→ Stored data:
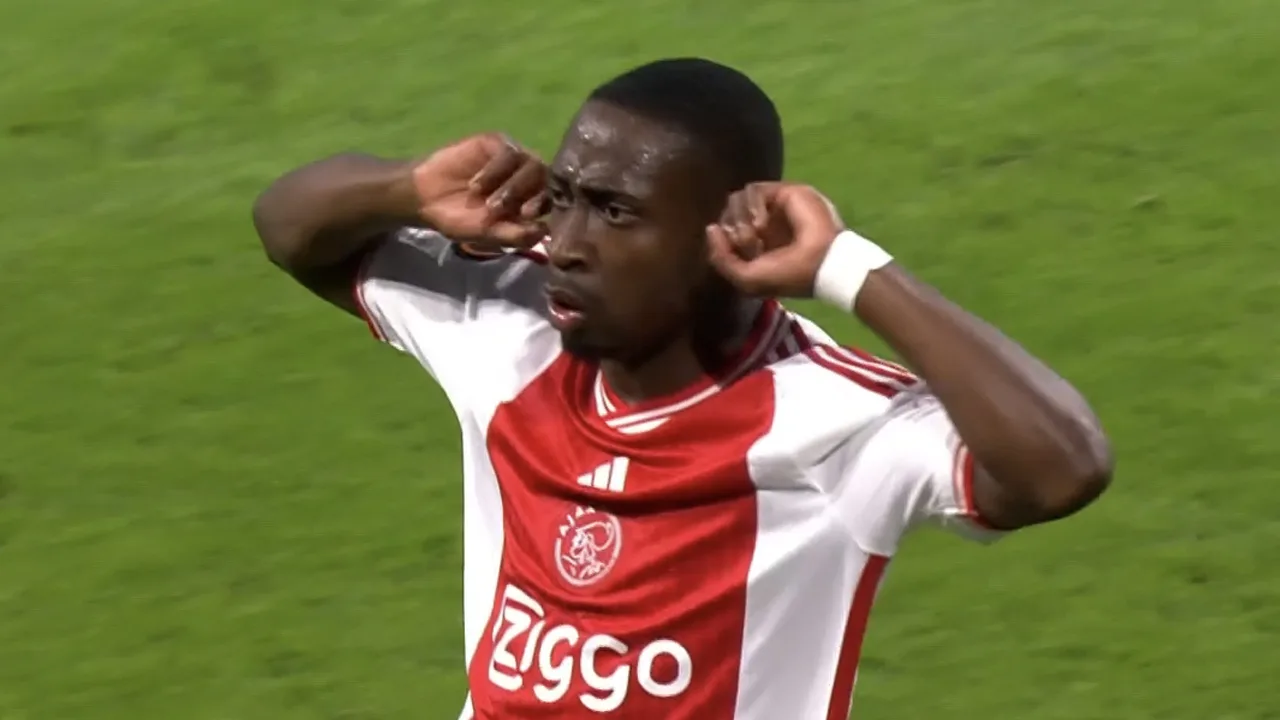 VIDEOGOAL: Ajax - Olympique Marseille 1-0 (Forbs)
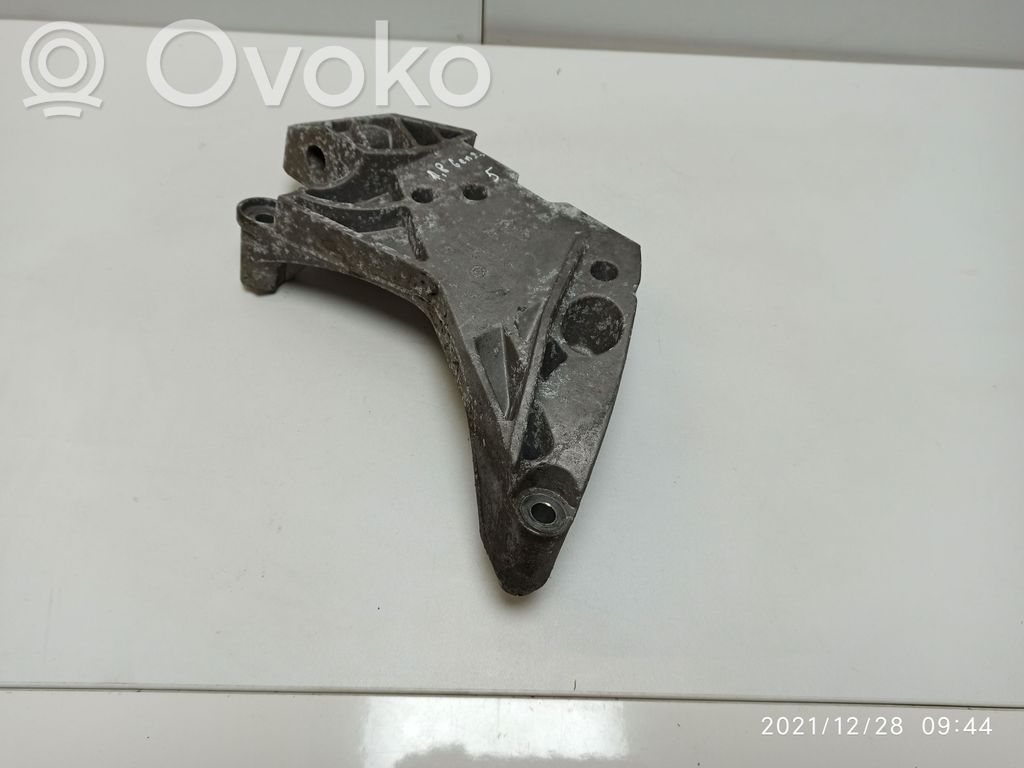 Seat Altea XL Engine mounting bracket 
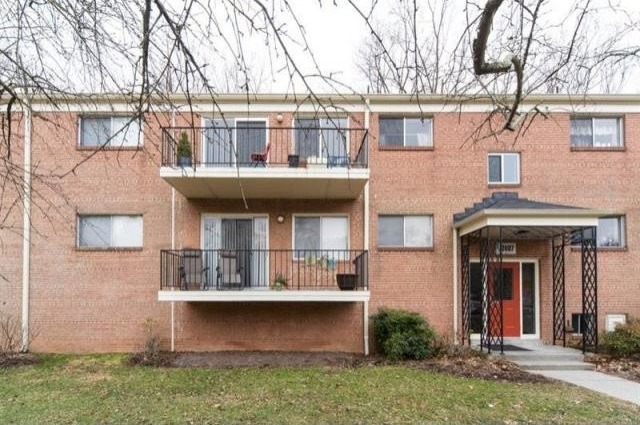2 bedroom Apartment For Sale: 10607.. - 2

→ What the task requires: Retype all the data exactly; skip the pictures.

→ Finished exercise:
 VIDEOGOAL: Ajax - Olympique Marseille 1-0 (Forbs)
 Seat Altea XL Engine mounting bracket 
2 bedroom Apartment For Sale: 10607.. - 2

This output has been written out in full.